Lt. Gov. Timothy M. Kaine, Mr. Kilgore’s likely Democratic opponent for governor, praised Mr. Warner for his “common-sense proposals” and said he thinks much will be accomplished this session.

“We will use these 45 days productively,” he said.

Some criticized the governor for supporting increased taxes in the face of a rebounding economy. The state has a projected $919 million budget surplus partly because of the rebounding economy and tax increases.

“The speech was fairly standard, but he mentioned the surplus,” said House Majority Leader H. Morgan Griffith, Salem Republican. “I think this does call into question the need for the massive tax increases he wanted.”

However, Mr. Warner and most legislative leaders agree the surplus should be spent on one-time expenses, including a major cash infusion to help fix the state’s ailing transportation system. The governor also wants to cut the food tax two years ahead of schedule and add $230 million to the state’s Rainy Day Fund.

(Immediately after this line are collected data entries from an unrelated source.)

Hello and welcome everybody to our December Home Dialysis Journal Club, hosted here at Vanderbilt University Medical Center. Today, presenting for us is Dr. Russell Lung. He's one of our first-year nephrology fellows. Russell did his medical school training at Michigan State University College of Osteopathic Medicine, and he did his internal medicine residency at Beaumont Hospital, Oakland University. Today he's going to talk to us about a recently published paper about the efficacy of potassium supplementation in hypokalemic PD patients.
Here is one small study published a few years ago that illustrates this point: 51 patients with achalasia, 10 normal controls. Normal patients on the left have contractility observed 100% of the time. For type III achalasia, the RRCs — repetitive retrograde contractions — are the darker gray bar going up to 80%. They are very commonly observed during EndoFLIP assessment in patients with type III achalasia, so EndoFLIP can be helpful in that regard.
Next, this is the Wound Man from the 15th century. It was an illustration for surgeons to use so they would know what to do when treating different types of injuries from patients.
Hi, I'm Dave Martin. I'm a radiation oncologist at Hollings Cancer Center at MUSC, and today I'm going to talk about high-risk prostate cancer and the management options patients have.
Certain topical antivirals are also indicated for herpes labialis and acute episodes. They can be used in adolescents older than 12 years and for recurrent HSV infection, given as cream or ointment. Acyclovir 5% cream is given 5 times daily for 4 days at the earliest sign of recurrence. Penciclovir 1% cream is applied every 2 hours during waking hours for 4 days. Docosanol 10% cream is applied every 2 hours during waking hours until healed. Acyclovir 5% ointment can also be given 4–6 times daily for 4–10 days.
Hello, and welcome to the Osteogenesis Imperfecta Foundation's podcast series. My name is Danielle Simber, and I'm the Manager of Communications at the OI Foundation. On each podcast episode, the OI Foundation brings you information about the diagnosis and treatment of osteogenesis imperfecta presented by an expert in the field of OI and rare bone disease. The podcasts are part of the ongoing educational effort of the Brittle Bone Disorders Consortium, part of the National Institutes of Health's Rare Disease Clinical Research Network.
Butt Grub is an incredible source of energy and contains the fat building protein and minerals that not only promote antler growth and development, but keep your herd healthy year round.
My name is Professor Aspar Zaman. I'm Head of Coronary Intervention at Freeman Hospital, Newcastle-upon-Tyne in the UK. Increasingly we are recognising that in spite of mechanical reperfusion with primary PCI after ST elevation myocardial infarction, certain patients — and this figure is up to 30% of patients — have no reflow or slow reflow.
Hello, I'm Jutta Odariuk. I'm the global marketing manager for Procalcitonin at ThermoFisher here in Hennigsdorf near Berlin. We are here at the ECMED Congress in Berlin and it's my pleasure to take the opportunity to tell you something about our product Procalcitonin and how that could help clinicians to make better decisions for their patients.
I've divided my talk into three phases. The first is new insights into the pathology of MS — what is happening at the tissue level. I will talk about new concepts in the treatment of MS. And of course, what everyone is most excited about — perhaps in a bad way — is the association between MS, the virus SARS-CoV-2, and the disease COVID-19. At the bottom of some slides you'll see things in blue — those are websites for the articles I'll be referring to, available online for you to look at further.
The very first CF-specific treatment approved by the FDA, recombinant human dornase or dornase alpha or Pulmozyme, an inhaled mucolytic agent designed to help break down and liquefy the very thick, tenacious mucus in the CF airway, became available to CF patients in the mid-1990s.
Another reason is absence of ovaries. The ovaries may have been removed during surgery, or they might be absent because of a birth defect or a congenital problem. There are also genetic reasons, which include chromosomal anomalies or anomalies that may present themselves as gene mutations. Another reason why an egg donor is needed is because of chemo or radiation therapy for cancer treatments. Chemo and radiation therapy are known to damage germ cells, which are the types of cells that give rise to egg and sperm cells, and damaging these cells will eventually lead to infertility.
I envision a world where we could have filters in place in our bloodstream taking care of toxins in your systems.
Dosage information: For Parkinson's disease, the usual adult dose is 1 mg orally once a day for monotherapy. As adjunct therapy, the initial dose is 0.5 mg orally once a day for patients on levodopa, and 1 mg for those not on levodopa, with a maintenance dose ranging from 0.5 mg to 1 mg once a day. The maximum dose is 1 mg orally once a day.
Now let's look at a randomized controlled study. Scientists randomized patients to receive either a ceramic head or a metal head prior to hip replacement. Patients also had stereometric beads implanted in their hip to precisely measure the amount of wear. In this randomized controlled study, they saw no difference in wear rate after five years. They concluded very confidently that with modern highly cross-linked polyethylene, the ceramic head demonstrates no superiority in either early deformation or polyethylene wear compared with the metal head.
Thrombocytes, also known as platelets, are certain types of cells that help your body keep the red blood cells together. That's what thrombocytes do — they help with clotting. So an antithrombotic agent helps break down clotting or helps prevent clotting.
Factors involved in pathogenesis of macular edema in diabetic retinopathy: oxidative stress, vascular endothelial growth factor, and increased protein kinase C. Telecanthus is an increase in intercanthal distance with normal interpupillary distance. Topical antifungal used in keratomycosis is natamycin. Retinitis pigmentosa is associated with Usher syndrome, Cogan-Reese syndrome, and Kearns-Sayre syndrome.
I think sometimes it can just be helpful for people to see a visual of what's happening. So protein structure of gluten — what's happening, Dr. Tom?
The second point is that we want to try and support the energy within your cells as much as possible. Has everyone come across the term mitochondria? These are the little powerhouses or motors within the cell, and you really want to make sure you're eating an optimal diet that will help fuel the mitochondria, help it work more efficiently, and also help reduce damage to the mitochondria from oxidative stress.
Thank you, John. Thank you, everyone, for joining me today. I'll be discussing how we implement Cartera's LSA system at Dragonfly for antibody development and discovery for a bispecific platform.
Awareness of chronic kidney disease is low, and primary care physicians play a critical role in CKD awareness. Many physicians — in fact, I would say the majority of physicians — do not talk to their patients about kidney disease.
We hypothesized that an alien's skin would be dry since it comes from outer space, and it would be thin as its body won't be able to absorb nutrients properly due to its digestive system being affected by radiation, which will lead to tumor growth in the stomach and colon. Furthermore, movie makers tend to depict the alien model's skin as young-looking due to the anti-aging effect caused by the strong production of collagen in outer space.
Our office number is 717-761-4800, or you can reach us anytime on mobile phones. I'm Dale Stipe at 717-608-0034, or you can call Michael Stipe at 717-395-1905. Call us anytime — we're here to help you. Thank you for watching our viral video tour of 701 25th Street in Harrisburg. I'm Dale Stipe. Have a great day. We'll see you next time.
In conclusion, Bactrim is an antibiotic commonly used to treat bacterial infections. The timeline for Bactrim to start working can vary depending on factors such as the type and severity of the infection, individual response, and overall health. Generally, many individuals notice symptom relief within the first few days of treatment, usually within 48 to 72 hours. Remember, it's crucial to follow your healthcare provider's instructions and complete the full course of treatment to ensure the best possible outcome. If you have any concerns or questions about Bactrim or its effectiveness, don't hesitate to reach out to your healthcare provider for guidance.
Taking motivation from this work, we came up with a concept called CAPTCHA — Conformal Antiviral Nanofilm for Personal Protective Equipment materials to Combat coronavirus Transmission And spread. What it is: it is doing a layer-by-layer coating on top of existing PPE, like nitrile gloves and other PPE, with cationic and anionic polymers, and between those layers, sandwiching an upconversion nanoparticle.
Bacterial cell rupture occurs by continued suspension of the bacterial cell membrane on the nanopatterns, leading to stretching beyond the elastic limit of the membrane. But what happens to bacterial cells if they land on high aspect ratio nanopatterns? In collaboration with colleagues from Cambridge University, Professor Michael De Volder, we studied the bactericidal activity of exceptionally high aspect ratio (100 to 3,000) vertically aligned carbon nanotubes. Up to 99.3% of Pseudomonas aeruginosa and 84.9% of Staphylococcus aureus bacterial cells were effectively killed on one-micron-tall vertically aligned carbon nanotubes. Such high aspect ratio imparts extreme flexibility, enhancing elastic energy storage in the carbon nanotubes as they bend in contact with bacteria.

“I am determined that Virginia will not repeat the mistakes of the past,” Mr. Warner said. “We are filled this evening with hope, optimism and the shared determination to do what is best for our people.”

The governor called his agenda “ambitious.”

“It will keep Virginia’s budget balanced. It will strengthen our schools, continue our work to reform transportation and create new economic opportunities for the people of the commonwealth,” he said. “But as with everything else we’ve done, keeping Virginia on the right track will require us to work together, to abandon petty politics and to put Virginia first.”

Mr. Warner also praised the estimated 2,000 troops from Virginia’s National Guard who have been called to active duty and the four Virginians who were killed in the mess hall attack in Mosul last month.

“Their sacrifices call to mind the values that have sustained this nation in good times and bad: loyalty, patriotism, courage and service,” he said, praising the troops in the gallery audience.

Mr. Warner told Virginians that more good things are to come.

“We’re outpacing the rest of the nation in creating new jobs. As many of you know, on a single day last November, we were able to announce more than 11,000 new jobs coming to the commonwealth,” he said.

Mr. Warner spoke of the need for improving transportation, an issue that will dominate the session.

He has proposed that $824 million go toward public-private partnerships and rail and transit initiatives. The sum also would be used to pay off debt and repay the Transportation Trust Fund.

House Republicans have proposed a $938 million plan similar to the governor’s proposal. Besides relying on public-private partnerships, the House plan counts on insurance-premium tax revenues and $100 million from an “abuser fee” program. The program, if passed, would impose higher fines on drivers who speed or who drive while drunk, recklessly or with a suspended license.